__Exercise requirements__. Pictures excluded, output the lines of the data below between the one holding "Moschino Love Faux" and the one holding "Alu. Stacking Chair", inclusive, exactly as they stand.

(Collected data)
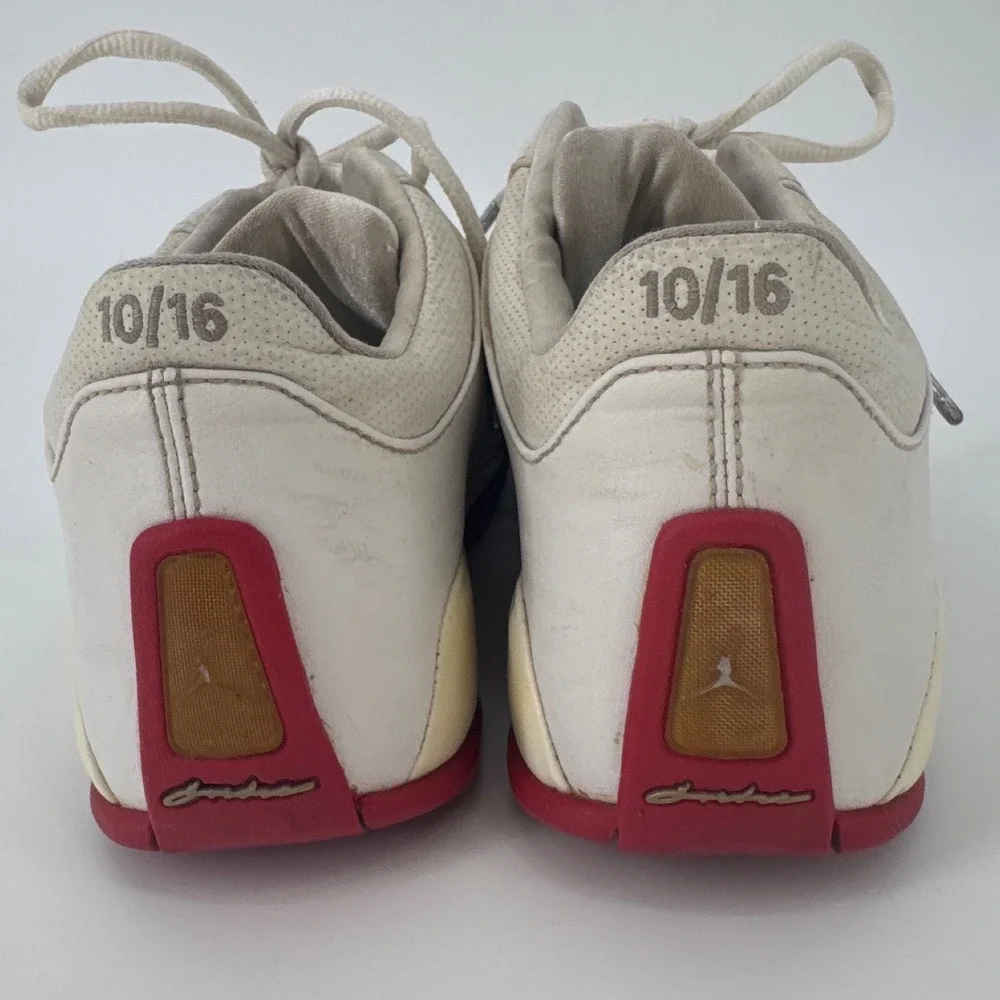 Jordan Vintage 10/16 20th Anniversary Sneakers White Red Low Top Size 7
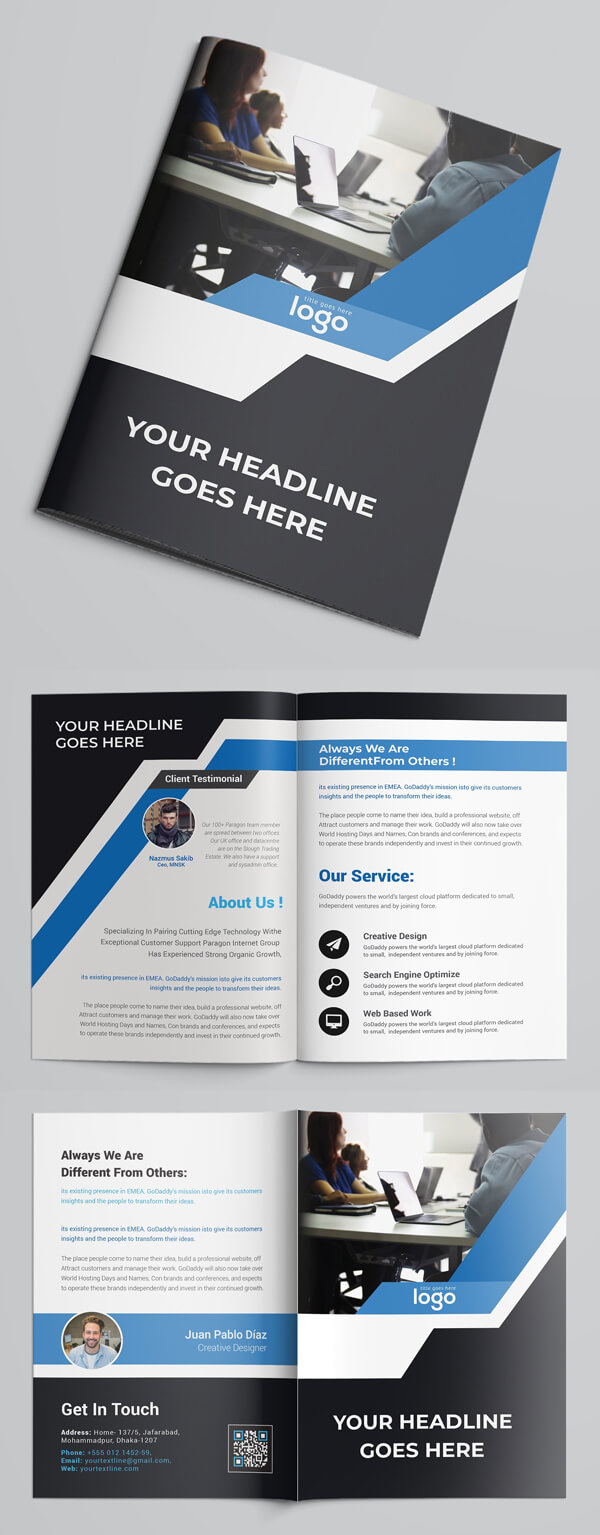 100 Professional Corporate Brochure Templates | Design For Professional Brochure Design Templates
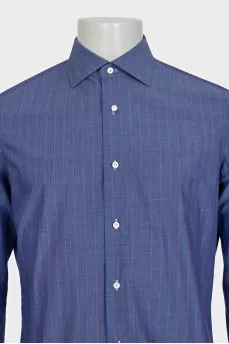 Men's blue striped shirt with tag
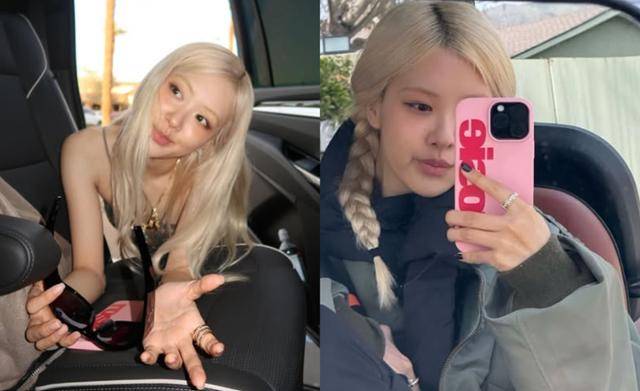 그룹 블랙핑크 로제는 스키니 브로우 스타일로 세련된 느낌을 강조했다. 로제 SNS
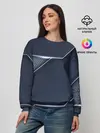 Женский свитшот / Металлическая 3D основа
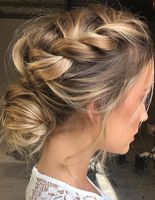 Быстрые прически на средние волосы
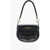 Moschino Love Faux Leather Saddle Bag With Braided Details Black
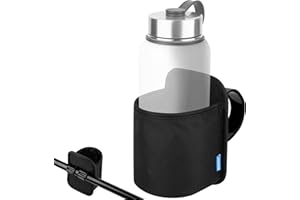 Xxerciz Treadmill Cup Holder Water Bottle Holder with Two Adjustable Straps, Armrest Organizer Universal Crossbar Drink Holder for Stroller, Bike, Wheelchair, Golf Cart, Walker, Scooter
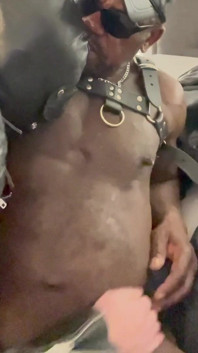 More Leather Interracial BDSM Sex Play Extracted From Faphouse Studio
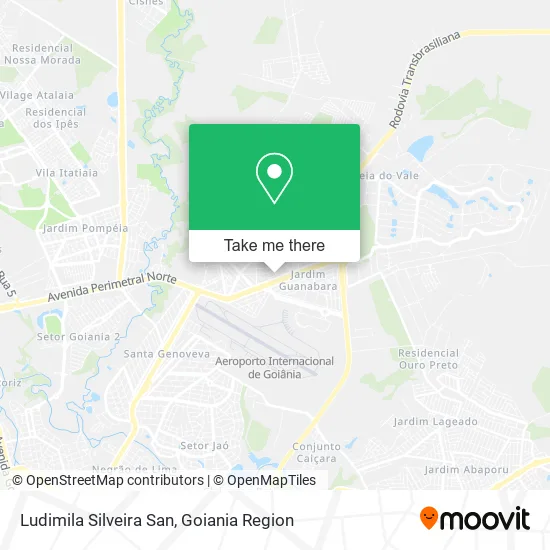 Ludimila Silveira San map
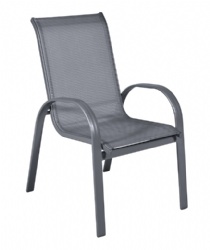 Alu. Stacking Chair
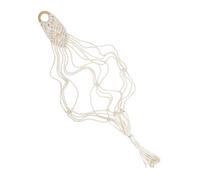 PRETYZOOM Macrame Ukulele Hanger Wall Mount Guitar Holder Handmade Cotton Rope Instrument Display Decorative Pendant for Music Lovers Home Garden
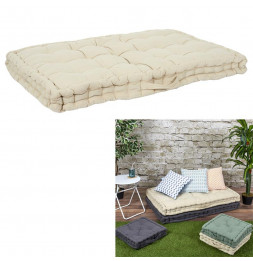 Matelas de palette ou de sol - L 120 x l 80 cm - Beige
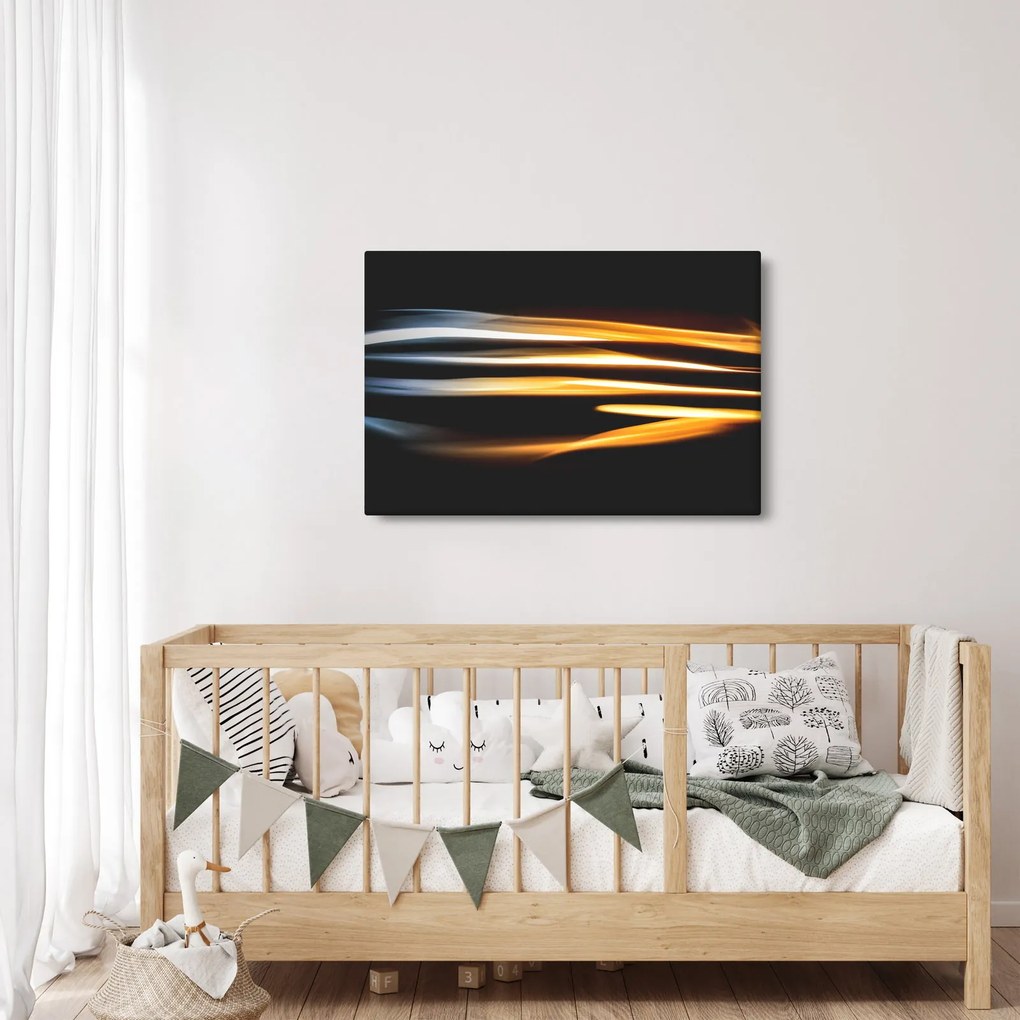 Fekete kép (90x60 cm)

__Result of this exercise__.
 Moschino Love Faux Leather Saddle Bag With Braided Details Black
 Xxerciz Treadmill Cup Holder Water Bottle Holder with Two Adjustable Straps, Armrest Organizer Universal Crossbar Drink Holder for Stroller, Bike, Wheelchair, Golf Cart, Walker, Scooter
 More Leather Interracial BDSM Sex Play Extracted From Faphouse Studio
 Ludimila Silveira San map
 Alu. Stacking Chair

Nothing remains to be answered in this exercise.